Having a negative body image is bad for your mental state, and it’s possible that it can actually make you gain weight. Our minds have more power than we often allow ourselves to recognize, and these negative thoughts can sometimes materialize into what we don’t want, rather than the healthy bodies that we do want.
Why Your Body Image Can Affect Your Weight
Let’s look at some of the scientific research behind a negative body image and the connection to weight changes. Also, we will discuss ways to change a negative body image into a healthy one to reverse the process of weight gain.
Body image research and weight gain
Researchers at the Department of Health Education at Indiana University-Purdue University studied obesity in teenage girls and their body images to try to understand the causes of weight gain. They found that overweight female adolescents seem to suffer from low self-esteem and their low self-esteem may be explained by having a poor body image.
So low-self esteem may cause people to have a poor body image or vice versa. Having low self-esteem is a combination of negative thoughts that you believe about yourself. For example, if you believe the negative thought ‘I am so fat’ about yourself, then you see yourself as a fat person and may eat fattening foods because this is what you have learned to believe about yourself.
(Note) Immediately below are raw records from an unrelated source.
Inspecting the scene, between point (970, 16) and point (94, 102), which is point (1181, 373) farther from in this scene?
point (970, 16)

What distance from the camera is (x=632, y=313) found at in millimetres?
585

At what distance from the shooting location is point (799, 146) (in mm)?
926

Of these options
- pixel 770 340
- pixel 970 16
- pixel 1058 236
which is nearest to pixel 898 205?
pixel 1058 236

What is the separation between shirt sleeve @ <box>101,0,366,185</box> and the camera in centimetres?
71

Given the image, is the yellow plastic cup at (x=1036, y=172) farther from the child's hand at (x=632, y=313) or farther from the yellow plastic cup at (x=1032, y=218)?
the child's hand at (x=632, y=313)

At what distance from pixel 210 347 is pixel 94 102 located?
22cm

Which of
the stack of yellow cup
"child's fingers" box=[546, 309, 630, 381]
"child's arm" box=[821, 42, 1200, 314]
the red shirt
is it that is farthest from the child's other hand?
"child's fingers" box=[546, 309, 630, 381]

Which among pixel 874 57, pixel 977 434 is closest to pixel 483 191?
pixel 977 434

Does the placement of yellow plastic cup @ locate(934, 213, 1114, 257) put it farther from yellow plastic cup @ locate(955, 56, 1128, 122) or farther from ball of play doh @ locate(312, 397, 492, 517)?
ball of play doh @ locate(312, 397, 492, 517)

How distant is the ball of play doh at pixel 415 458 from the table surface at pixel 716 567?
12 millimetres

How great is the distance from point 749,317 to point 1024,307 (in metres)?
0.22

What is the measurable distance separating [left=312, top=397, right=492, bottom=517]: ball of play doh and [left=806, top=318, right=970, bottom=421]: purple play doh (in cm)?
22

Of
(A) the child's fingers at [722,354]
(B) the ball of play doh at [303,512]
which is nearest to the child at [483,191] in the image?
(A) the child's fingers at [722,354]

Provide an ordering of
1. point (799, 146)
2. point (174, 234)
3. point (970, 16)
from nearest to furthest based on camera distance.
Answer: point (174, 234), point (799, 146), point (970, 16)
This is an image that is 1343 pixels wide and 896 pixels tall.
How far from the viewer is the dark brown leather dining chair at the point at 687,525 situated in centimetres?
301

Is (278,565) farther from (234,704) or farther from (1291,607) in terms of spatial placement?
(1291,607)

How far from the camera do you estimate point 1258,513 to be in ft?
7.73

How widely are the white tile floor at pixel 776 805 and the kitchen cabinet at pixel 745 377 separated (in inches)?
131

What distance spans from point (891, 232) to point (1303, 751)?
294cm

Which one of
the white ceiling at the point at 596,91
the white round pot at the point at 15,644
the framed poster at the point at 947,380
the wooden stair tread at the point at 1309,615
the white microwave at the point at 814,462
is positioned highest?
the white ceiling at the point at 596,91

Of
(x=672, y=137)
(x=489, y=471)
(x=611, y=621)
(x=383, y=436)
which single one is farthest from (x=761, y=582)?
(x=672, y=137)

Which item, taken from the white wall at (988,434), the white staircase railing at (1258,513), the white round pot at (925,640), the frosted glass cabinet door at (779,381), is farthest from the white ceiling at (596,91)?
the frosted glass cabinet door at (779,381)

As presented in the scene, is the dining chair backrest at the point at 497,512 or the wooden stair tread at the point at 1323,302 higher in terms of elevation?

The Department of Epidemiology & Public Health, and the Cancer Research UK Health Behavior Unit at University College London studied international perceptions of body image and weight issues. In their research, they say ‘Historically, perceived overweight and the drive for weight control have often been characterized as irrational and hazardous, especially for young women, who are viewed as pursuing absurdly thin ideal weights and risking their physical and mental health.’ The researchers are particularly concerned with the perceptions of teens and young adults who they say are at higher risk times for body image problems and eating disorders.
The researchers wondered if body image was similar for other countries and found that body image concerns were an international problem. They also found that ‘women were more likely to perceive themselves as overweight than men, and much more likely to report trying to lose weight.’
Almost 45% of women see themselves as overweight in most of the participating countries and over 50% said that they were trying to lose weight. The scientists say that for women, body image is more of a driving factor for making a decision to try to loose weight than it is for men because for women, ‘trying to lose weight is not motivated solely by feeling overweight.’
In the study, men were less likely to report feeling overweight (25%), and even fewer were trying to lose weight (21%). The researchers say ‘This gender difference is strikingly consistent across all of the countries in the sample, indicating common cultural pressures either for over-concern among women or under-concern among men.’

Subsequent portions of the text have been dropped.